What is being asked
All lines below must be repeated exactly, with the pictures omitted.

Data in this exercise
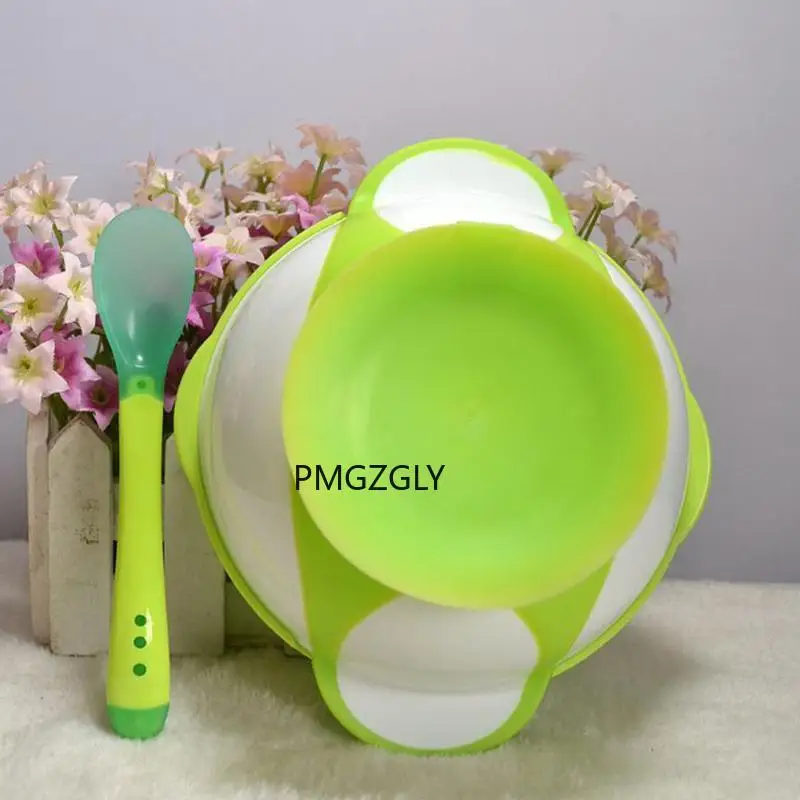 Feeding dishes Kids Lid Bowl 2 Pcs Spoon Cartoon Color Sucker Bowl Fork Set Toddler Baby Training Eating Safe PP Spoon Prop
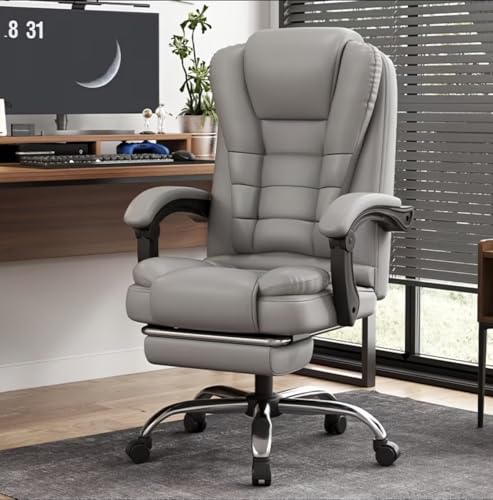 Executive Office Chair, High Back Reclining Swivel Computer Chair with Footrest, Gray Faux Leather, Adjustable Height (Grey)
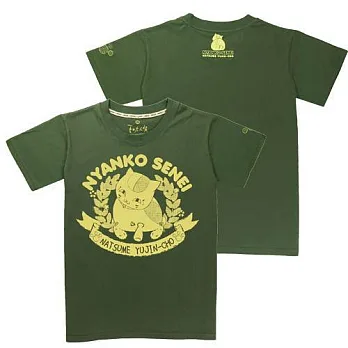 夏目友人帳-潮流T-shirt(貓咪老師)L墨綠色
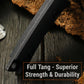 Wilora full tang hunting knife handle detail showing full tang construction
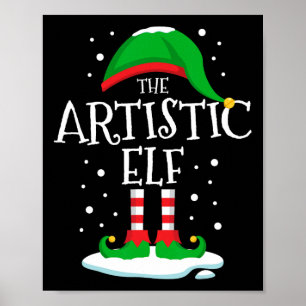Poster La famille de Noël des elfes artistiques qui corre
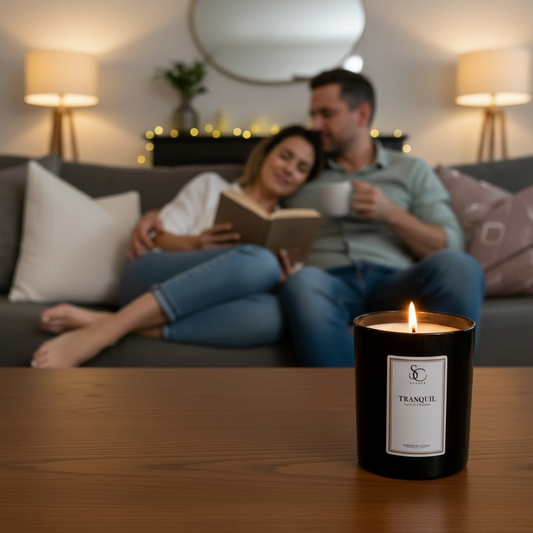 Tranquil 30cl therapy candle creating a warm relaxing atmosphere for rest and unwinding at home
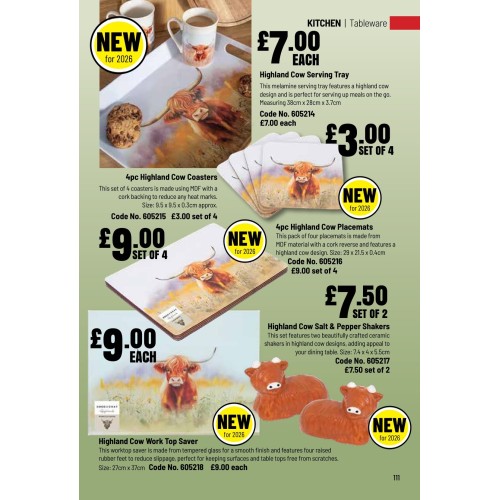 605215 4pc Highland Cow Coasters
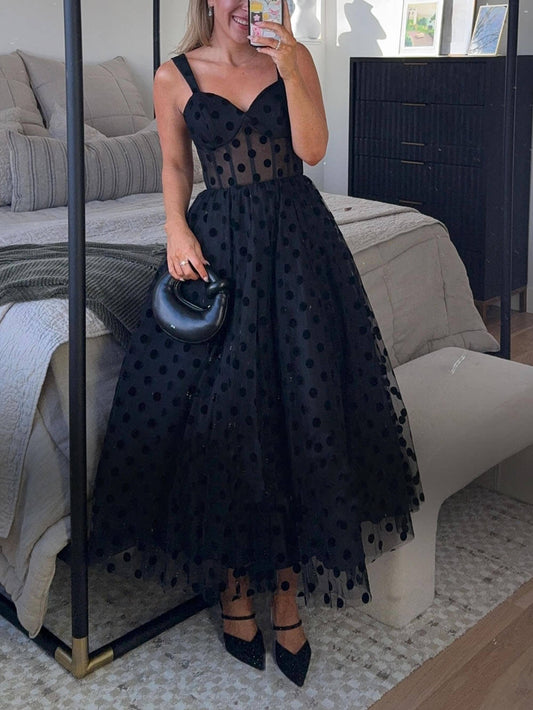 Exquisite Perfect Tulle Polka Dot Sweetheart Bustier A-Line Midi Dress - Riviera London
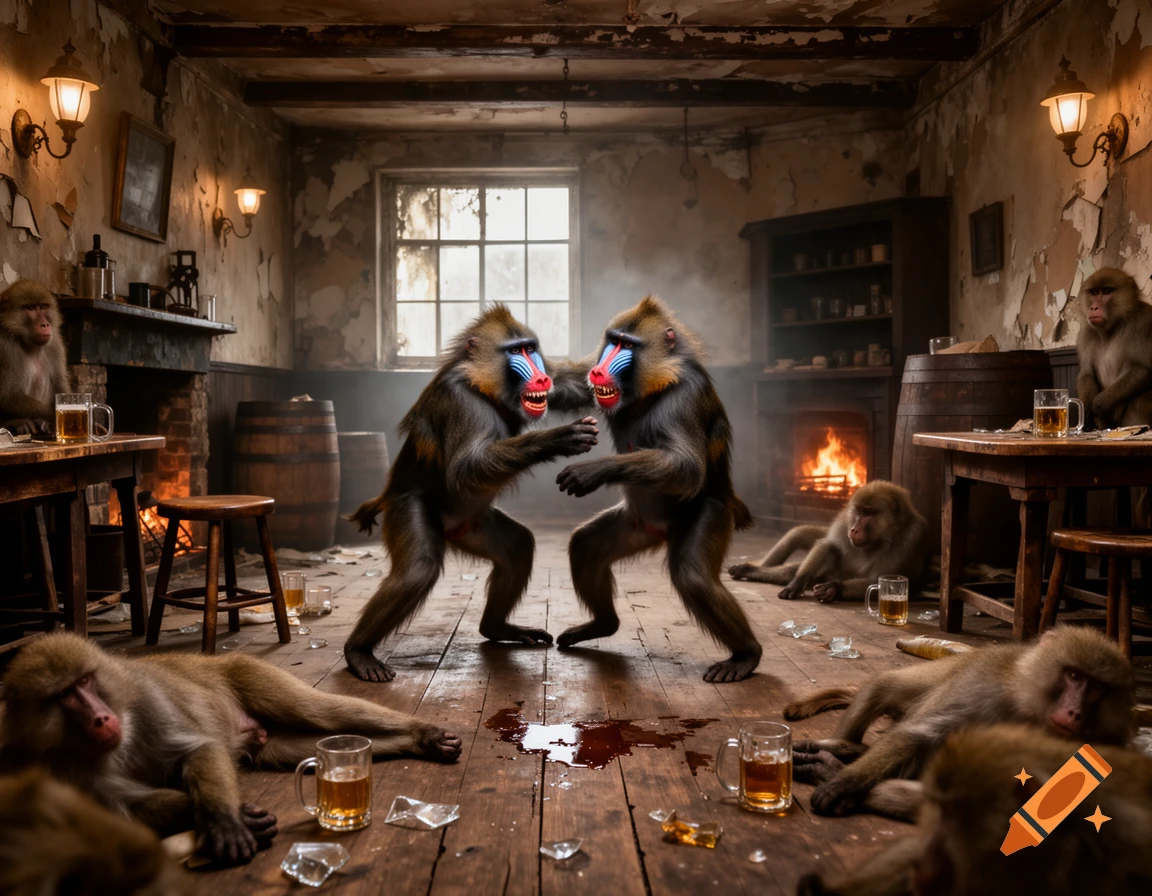 Mandrills fighting and lying around in a ramshackle pub filled with beer mugs, photorealistic style.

Final answer
 Feeding dishes Kids Lid Bowl 2 Pcs Spoon Cartoon Color Sucker Bowl Fork Set Toddler Baby Training Eating Safe PP Spoon Prop
 Executive Office Chair, High Back Reclining Swivel Computer Chair with Footrest, Gray Faux Leather, Adjustable Height (Grey)
 夏目友人帳-潮流T-shirt(貓咪老師)L墨綠色
 Wilora full tang hunting knife handle detail showing full tang construction
Poster La famille de Noël des elfes artistiques qui corre
 Tranquil 30cl therapy candle creating a warm relaxing atmosphere for rest and unwinding at home
 605215 4pc Highland Cow Coasters
 Exquisite Perfect Tulle Polka Dot Sweetheart Bustier A-Line Midi Dress - Riviera London
 Mandrills fighting and lying around in a ramshackle pub filled with beer mugs, photorealistic style.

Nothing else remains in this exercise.